Black likens investing to bulking up your "freedom fund," which will ultimately get you to your goals faster. Maximizing those efforts often requires looking beyond your retirement accounts.
"We do better as investors when we know the ‘why’ behind why we're investing," says Black. "Is it for retirement? Or a shorter-term goal like saving for a down payment on a house, college for your kids, or the dream of taking a year off and living outside of the U.S. and traveling?"
With a brokerage account, you'll have much more flexibility compared to retirement accounts to use that money whenever you're ready to make a move on your goals.

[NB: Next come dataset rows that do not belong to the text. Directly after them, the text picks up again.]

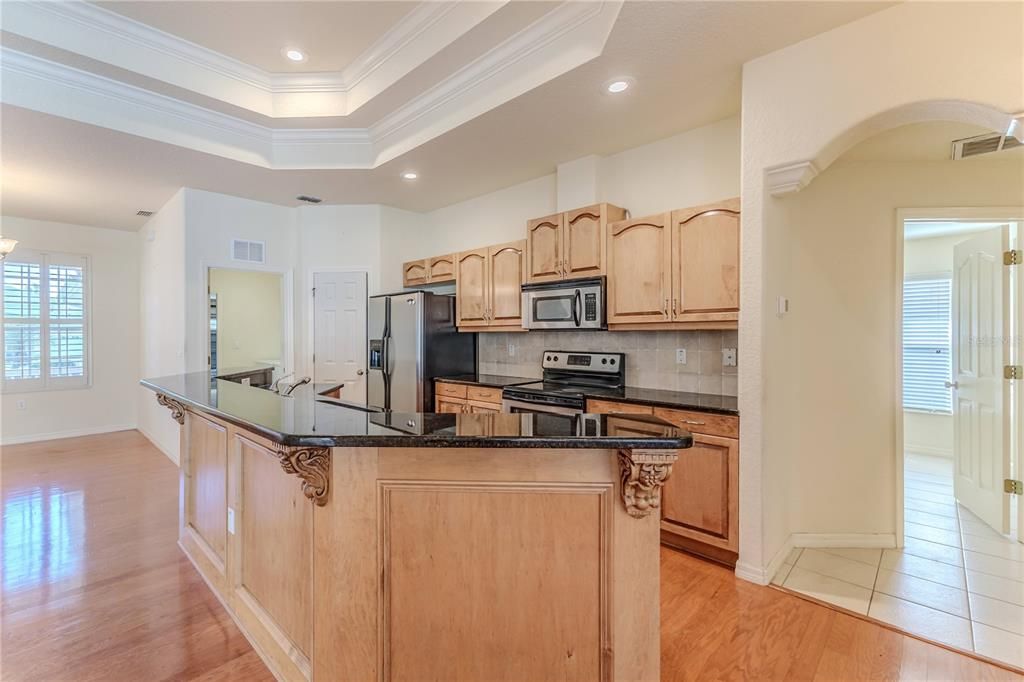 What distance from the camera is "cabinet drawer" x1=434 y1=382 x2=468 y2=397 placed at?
13.3 feet

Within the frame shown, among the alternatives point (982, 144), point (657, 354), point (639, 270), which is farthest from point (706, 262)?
point (982, 144)

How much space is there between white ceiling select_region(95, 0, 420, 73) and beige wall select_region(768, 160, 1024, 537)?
9.53 ft

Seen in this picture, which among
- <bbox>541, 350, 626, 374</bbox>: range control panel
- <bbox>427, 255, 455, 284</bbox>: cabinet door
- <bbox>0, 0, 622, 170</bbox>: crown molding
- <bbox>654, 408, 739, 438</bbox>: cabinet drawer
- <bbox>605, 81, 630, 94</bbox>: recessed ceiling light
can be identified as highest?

Note: If you tap your 401(k) before age 59½, you'll likely be hit with taxes and a 10 percent penalty.
Even if you're already diversifying with a tax-advantaged retirement fund and a brokerage account, there's still room to do more. If you have a high-deductible health plan, Black points to the benefits of health savings accounts.
HSAs have a triple tax advantage: Contributions are either pre-tax or tax deductible, plus the funds grow tax free and can be withdrawn tax free for qualified medical expenses. (The catch, however, is that you need to be in a high-deductible health care plan to use an HSA.)
"Women are likely to live longer than men, and we end up paying more in health care expenses during retirement because we're living longer," she says.
That makes it all the more important to start narrowing the gap.